Rural health services have been on the decline since Quebec centralized health care administration seven years ago, and now CISSSO may further reduce rural services in favour of a mega hospital in Hull.


But the push is on to preserve and even improve health care in the Gatineau Hills and other, more rural reaches of the Outaouais. MRC Vallée-de-la-Gatineau Prefect Chantal Lamarche was the spark in all of this.


In late-2018 she started calling for a change to health care services and administration in the Outaouais. She critiqued the lack of services in rural areas and demanded the dismissal of CISSSO CEO Jean Hébert. Quebec health minister Danielle McCann fired Hébert in February 2019. In October, Quebec Premier François Legault pledged to decentralize healthcare, an announcement applauded by Lamarche.


In December the MRC Vallée-de-la-Gatineau launched a health care pilot project with the aim of bringing local control back to healthcare. The MRC mayors council unanimously adopted a resolution in October to establish a working group focused on health to make sure that rural voices are at the table when health care decisions are made.
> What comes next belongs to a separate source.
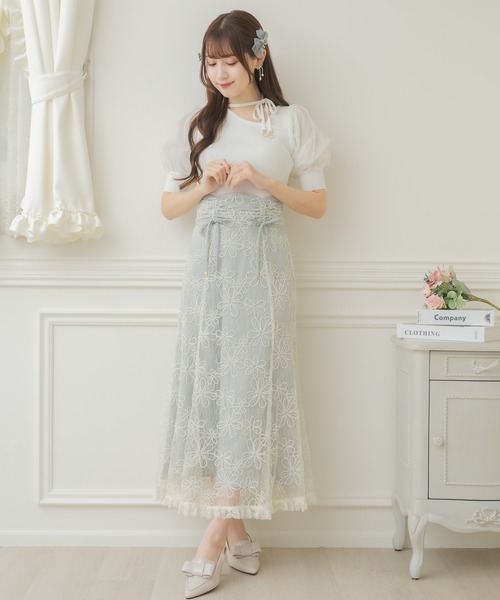 couture BY ROJITA(クチュールバイロジータ)の「アシメデコルテ開きニットトップス(ニット/セーター・レディース・ブラック/ホワイト/サックスブルー・FREE)」の7枚目の写真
“I think it’s a good idea to see what more can be done locally to preserve proximity services,” MRC des Collines Prefect Marc Carrière said about the pilot project.

This week, Carrière told the Low Down that he wants to do something similar in the MRC des Collines.


“I prefer to have more services locally and less bureaucracy,” he said.

Carrière was the Chapleau MNA during the Barrette health care reform that was pushed through by his Quebec Liberal Party. When asked about how centralization affected the quality of health care, he said that “it’s time to see the results.”


Carrière said the focus of the group will be to promote keeping and improving health services in the MRC des Collines but to also study how those services have changed in recent years.


“I doubt that anyone in the Outaouais is against decentralization,” André Renaud said.

Renaud lives in Chelsea, served as mayor from 1971 to 1973, and served on the Centre Regional de Santé et Service Sociaux de l’Outaouais – which was scrapped when health administration was centralized into CISSSO – from 1984 to 2004. He’s working with Carrière on the MRC des Collines health committee which he said will be modelled after the MRC de Memphrémagog’s “vigilance committee” in the Eastern Townships. Renaud said that committee has members who are business owners, doctors, patients, and politicians that work with their local version of CISSSO on how health services are administered.


CISSSO plans to build a 3 million square foot, $2.5 billion hospital in Gatineau or Hull – the location hasn’t been decided yet – in the next eight to 10 years. But this 600-bed hospital could cost the smaller, rural, regional hospitals elsewhere in CISSSO’s territory.


In February 2021, CISSSO published a clinical plan centred around the proposal for the new regional hospital. The plan includes a recommendation that Wakefield Hospital should reduce services to become either just an emergency room with a CHSLD – a long-term senior care home – or an emergency room with a multi-service centre.